Exercise description: If a record holds a picture, omit the picture, but copy everything else below exactly.

◆ ◆ ◆ ◆ ◆

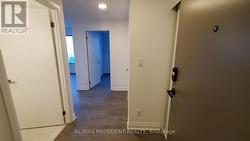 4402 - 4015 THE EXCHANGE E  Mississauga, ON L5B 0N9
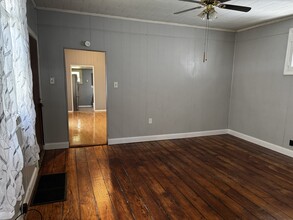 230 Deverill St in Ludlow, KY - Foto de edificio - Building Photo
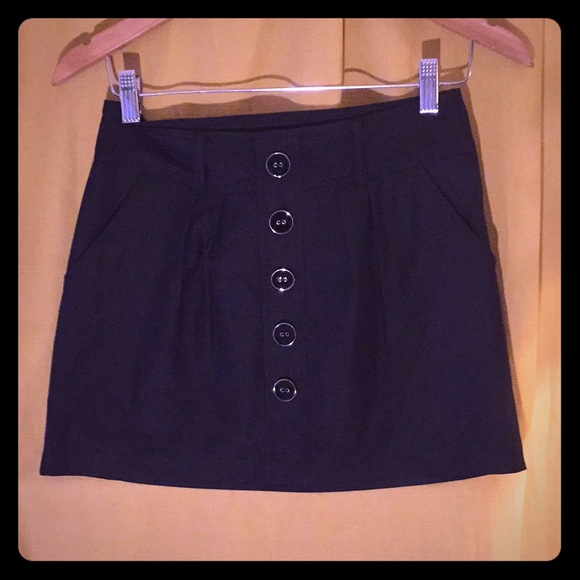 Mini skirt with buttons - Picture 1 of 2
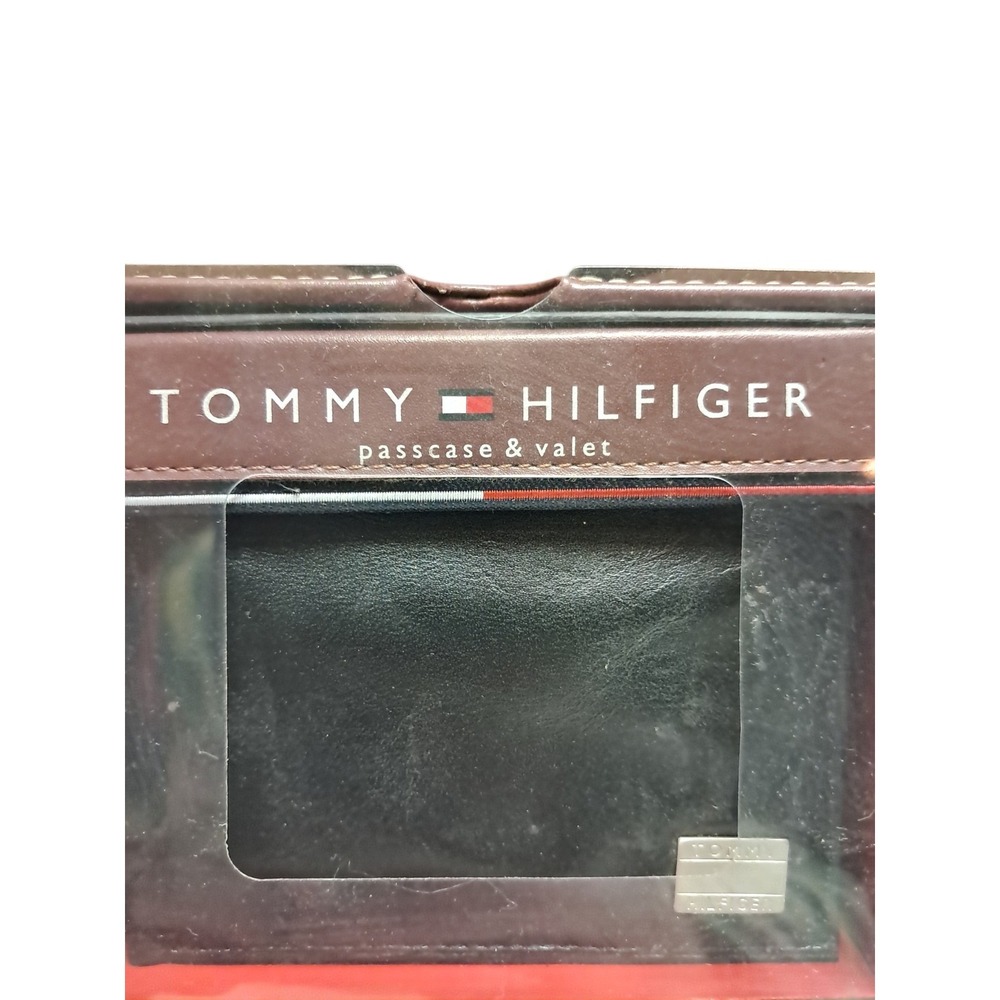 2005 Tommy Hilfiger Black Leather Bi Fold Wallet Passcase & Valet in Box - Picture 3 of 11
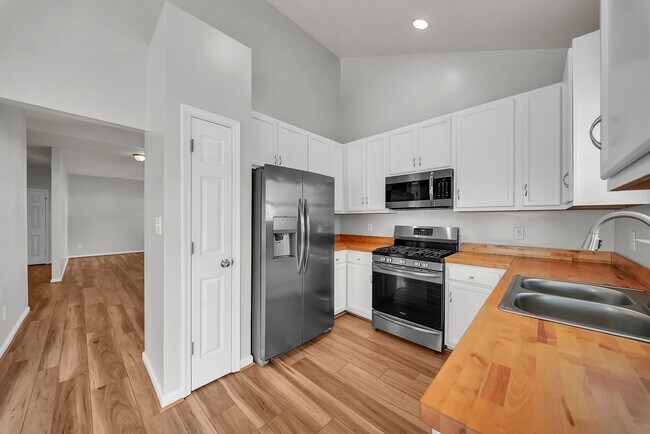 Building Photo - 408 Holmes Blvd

◆ ◆ ◆ ◆ ◆

Solved exercise:
 4402 - 4015 THE EXCHANGE E  Mississauga, ON L5B 0N9
 230 Deverill St in Ludlow, KY - Foto de edificio - Building Photo
 Mini skirt with buttons - Picture 1 of 2
 2005 Tommy Hilfiger Black Leather Bi Fold Wallet Passcase & Valet in Box - Picture 3 of 11
 Building Photo - 408 Holmes Blvd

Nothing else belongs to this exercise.